What a QoE report is
A quality of earnings report is an independent look at how real and how durable a company's profit is. An accounting firm takes the reported numbers apart, removes anything that's one-time or has nothing to do with running the business, and rebuilds a clean picture of what the company actually earns on a normal year. The output is a figure a buyer can trust enough to base an offer on.
The phrase that matters here is "quality." Two businesses can show the same profit on paper and have wildly different earnings quality. One earns it from steady, recurring customers and conservative bookkeeping. The other props up a good year with a single large contract that won't repeat, plus a few accounting choices that flatter the bottom line. A QoE exists to tell those two stories apart.
Who commissions one
Most of the time, the buyer orders the QoE. It's a core piece of their diligence: before they wire money, they hire an accounting firm to verify the seller's numbers hold up. That's the buy-side QoE, and it usually happens after a letter of intent is signed, while the buyer has exclusivity.
But sellers can commission one too, before they ever go to market. That's a sell-side QoE, and for a lot of owners it's the smarter move. You get the same hard look at your books, except you get it first, on your own timeline, with time to fix what it finds. More on why that matters below.
How a QoE differs from an audit
This is the part most owners get tangled up in, so it's worth being clear. An audit and a QoE are not the same thing, and a clean audit does not stand in for a QoE.
An audit answers a compliance question: are these financial statements presented fairly under accounting standards? It looks backward, it's bound by formal rules, and it produces an opinion. A QoE answers a deal question: can a buyer rely on this profit going forward, and what's the right number to underwrite? It looks ahead, it's built around the transaction, and it goes places an audit doesn't bother to go, like the validity of each owner add-back or the risk hiding in one giant customer.
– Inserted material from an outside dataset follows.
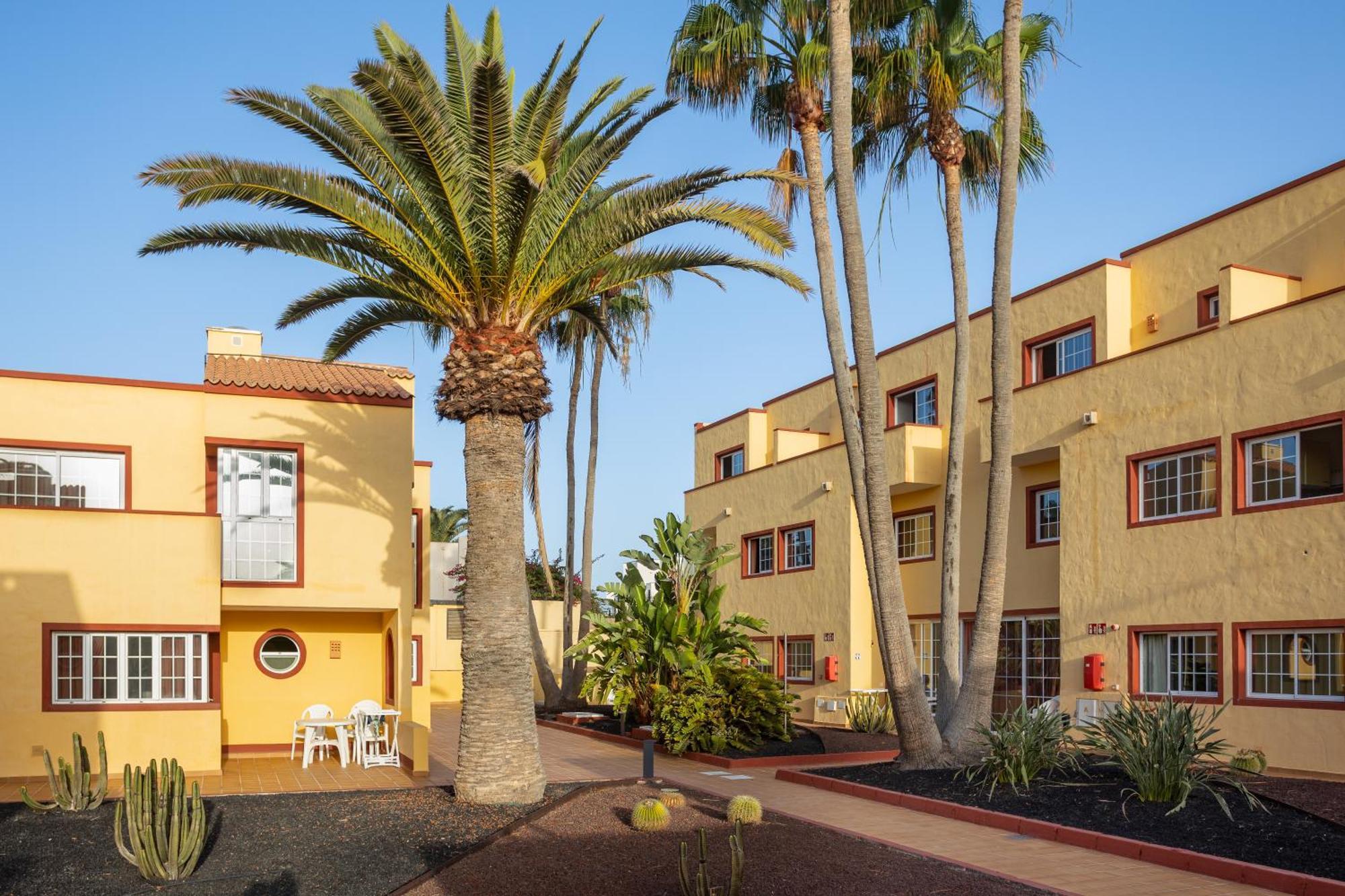 Apartamentos Maxorata Beach Corralejo Eksteriør bilde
| Audit | Quality of Earnings | |
|---|---|---|
| Core question | Are the statements fairly presented? | Is the profit durable and reliable? |
| Orientation | Backward-looking | Forward-looking |
| Driven by | Accounting standards | The deal |
| Typical focus | Compliance, fair presentation | Add-backs, revenue quality, working capital |
Plenty of profitable small and mid-sized businesses have never been audited at all, and they still sell. The QoE is what closes that gap for a buyer.
What a QoE examines
The work goes well past confirming the numbers add up. A typical report digs into several areas:
- Normalized, adjusted EBITDA. The headline output. The firm starts from reported earnings and rebuilds them as they'd look under normal ownership, stripping out one-time costs, non-operating items, and anything distorting a true run-rate. For owner-run businesses this connects closely to seller's discretionary earnings, since a lot of the adjustment work is about separating the owner's economics from the company's.
- Add-back validation. Sellers add back personal and one-time expenses to lift the earnings number, and that's fair game, but every add-back has to survive scrutiny. The QoE tests each one. A defensible add-back stays in. A wishful one gets cut, and so does the value built on top of it.
- Revenue quality. Where does the money come from, and will it keep coming? The report looks at customer concentration, recurring versus one-off revenue, churn, contract terms, and how revenue is recognized. Earnings built on a stable, diversified base score far better than the same profit resting on one customer or one big project.
- Working capital. How much cash the business needs to keep running matters a great deal, because the buyer typically has to deliver a normal level of working capital at close. The QoE studies the seasonal swings and sets a baseline, which often becomes a negotiated term in the deal.
The product of all this isn't a single number. It's a clear picture of how the business earns, where the soft spots are, and what a buyer should and shouldn't count on.
Why a sell-side QoE can speed a deal and protect your price
Here's the case for getting your own QoE before buyers show up.
First, you find problems on your terms. There's almost always something in the books that needs explaining: a strange period, an add-back that's softer than you thought, a customer who's a bigger share of revenue than felt true. Discovering that yourself, with months to clean it up or build a clear explanation, beats having a buyer surface it mid-diligence. When a buyer finds the surprise, it costs you twice: once on price, once on trust.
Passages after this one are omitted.